**PROBLEM TO WORK ON**. Write out the lines below exactly, beginning at the one with "IPL 2024, RCB" and stopping after the one with "4M Customize TPE"; the pictures are not copied.

-------- SUPPLIED ENTRIES --------

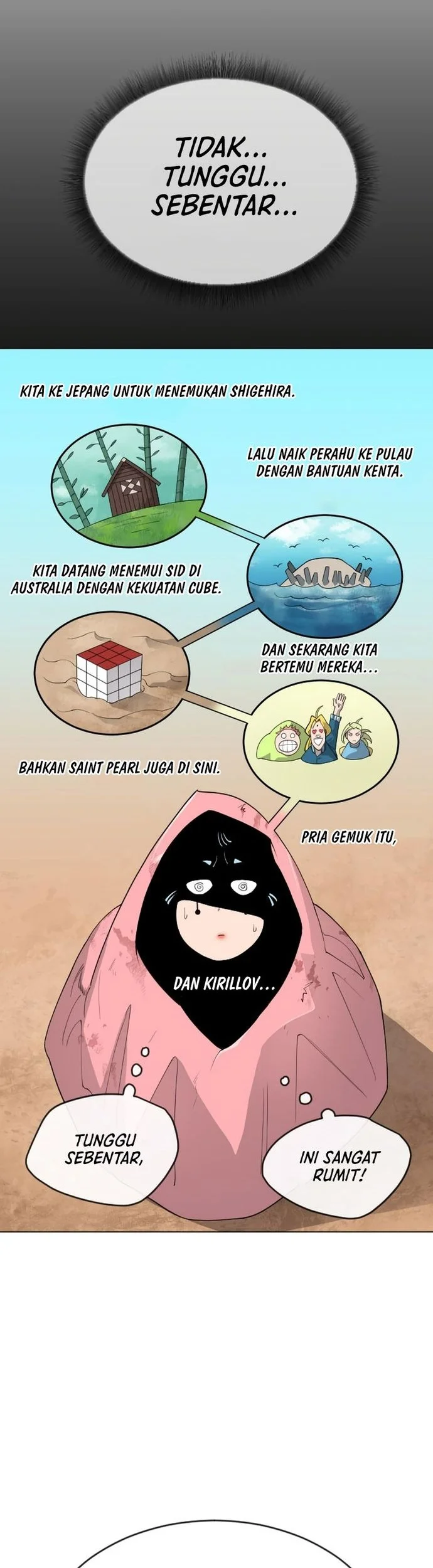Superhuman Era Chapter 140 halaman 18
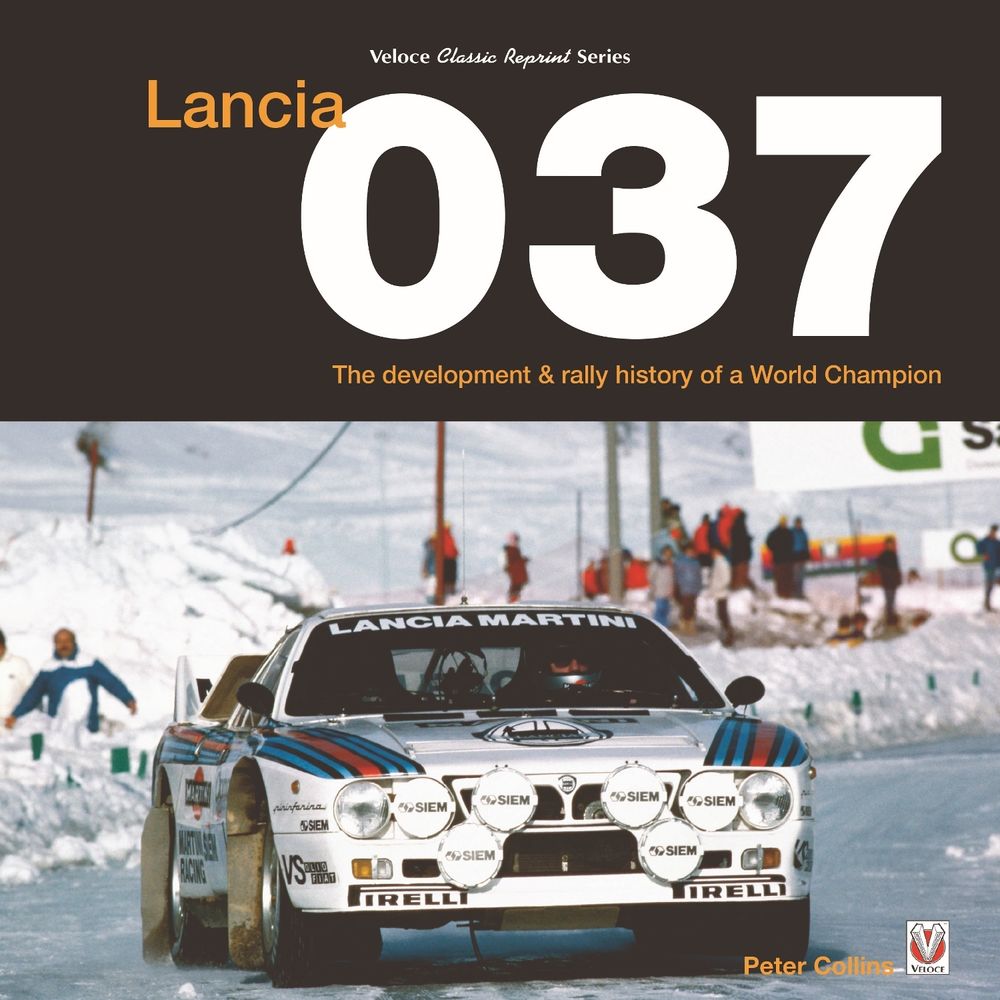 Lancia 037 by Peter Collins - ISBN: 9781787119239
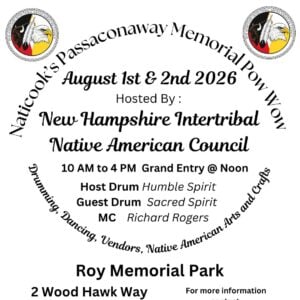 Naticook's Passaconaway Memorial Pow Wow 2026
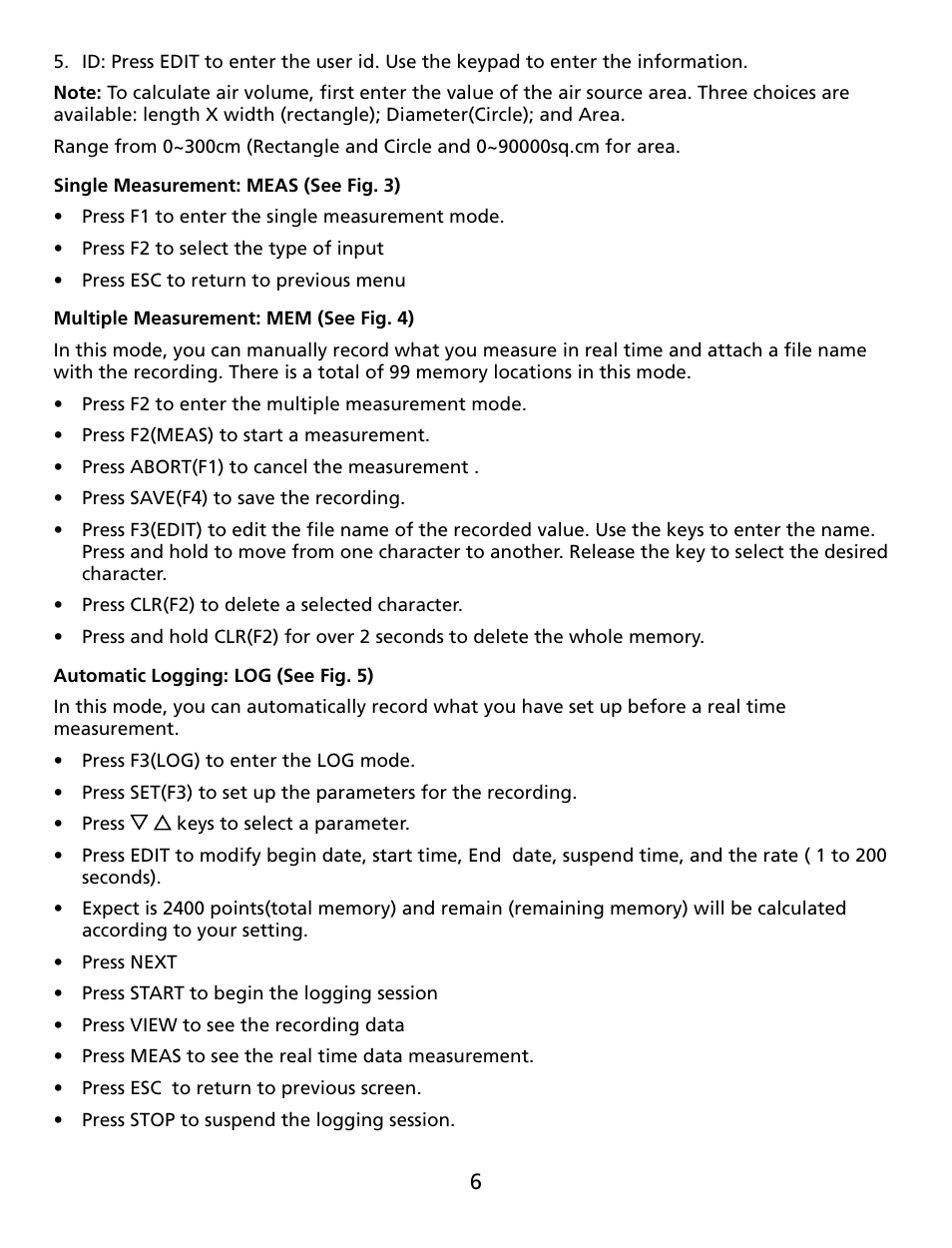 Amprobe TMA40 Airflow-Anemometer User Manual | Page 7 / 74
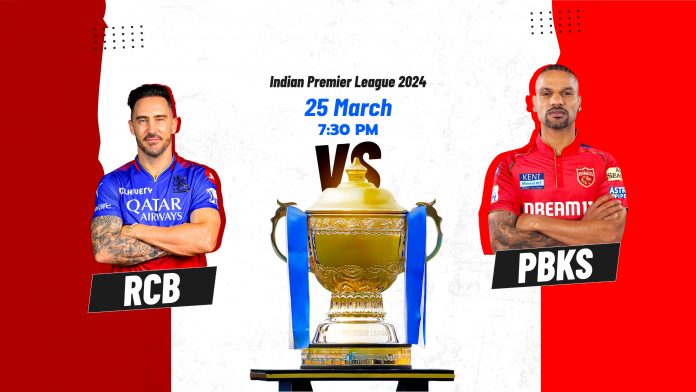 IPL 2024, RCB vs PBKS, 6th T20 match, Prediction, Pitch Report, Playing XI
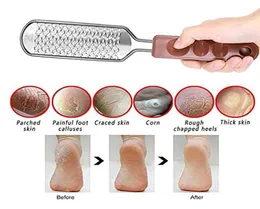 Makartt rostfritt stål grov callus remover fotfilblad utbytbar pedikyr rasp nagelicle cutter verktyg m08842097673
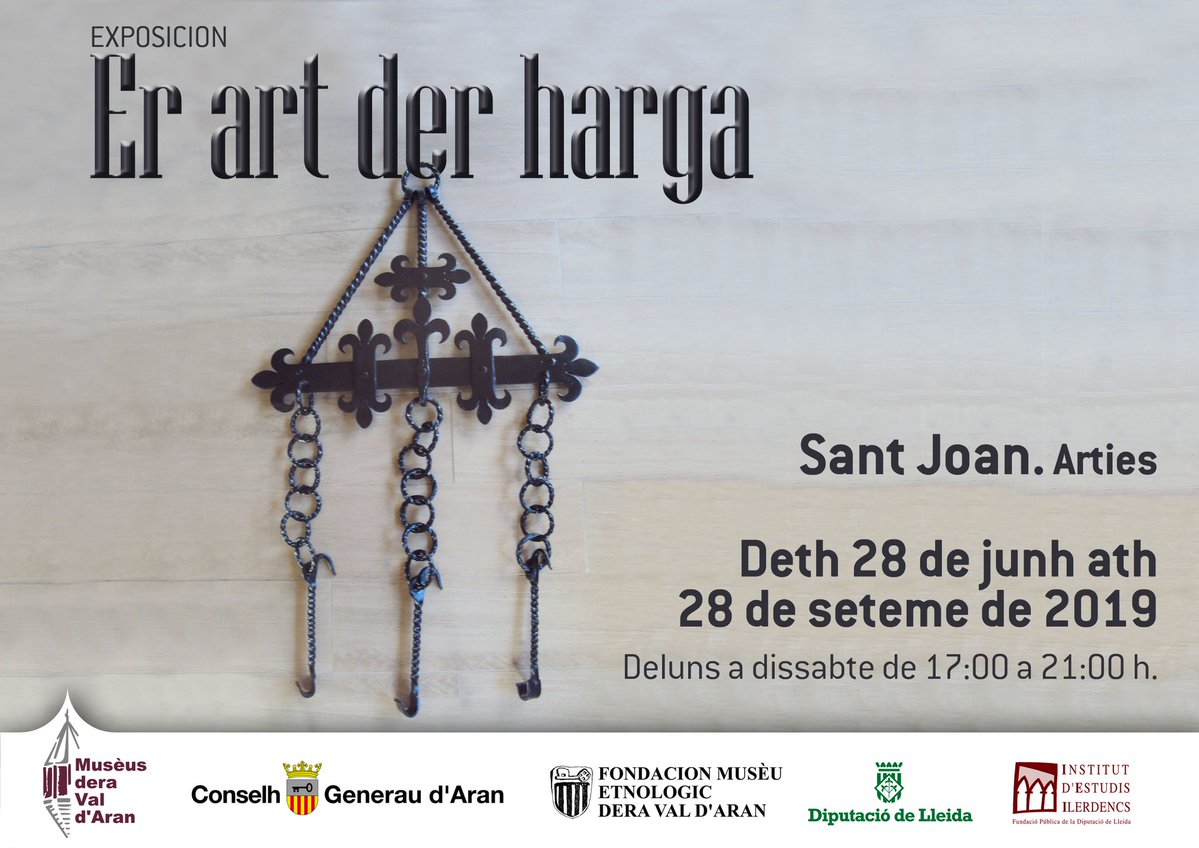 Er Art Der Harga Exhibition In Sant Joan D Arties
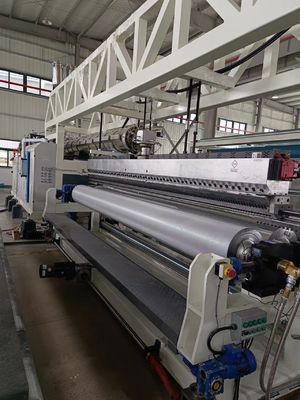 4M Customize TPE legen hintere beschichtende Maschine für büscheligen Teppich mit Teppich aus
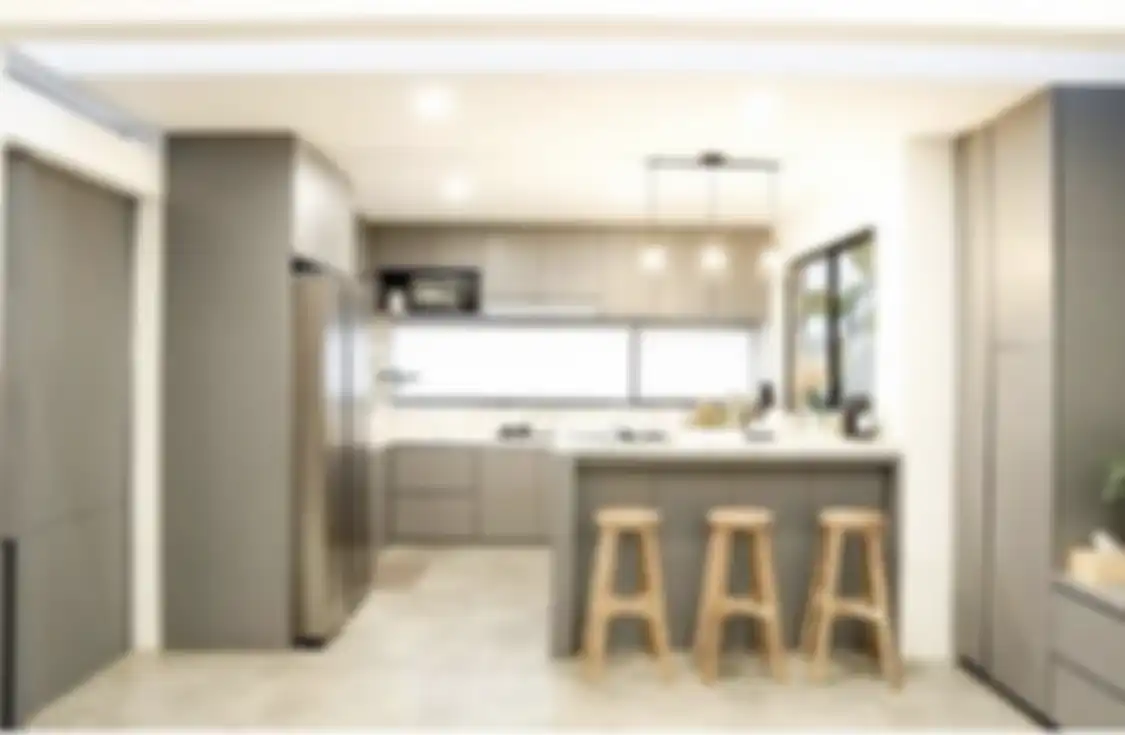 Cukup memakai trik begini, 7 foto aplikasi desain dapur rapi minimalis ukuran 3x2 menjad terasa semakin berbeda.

--------

**ANSWER SPACE**.
 IPL 2024, RCB vs PBKS, 6th T20 match, Prediction, Pitch Report, Playing XI
 Makartt rostfritt stål grov callus remover fotfilblad utbytbar pedikyr rasp nagelicle cutter verktyg m08842097673
 Er Art Der Harga Exhibition In Sant Joan D Arties
 4M Customize TPE legen hintere beschichtende Maschine für büscheligen Teppich mit Teppich aus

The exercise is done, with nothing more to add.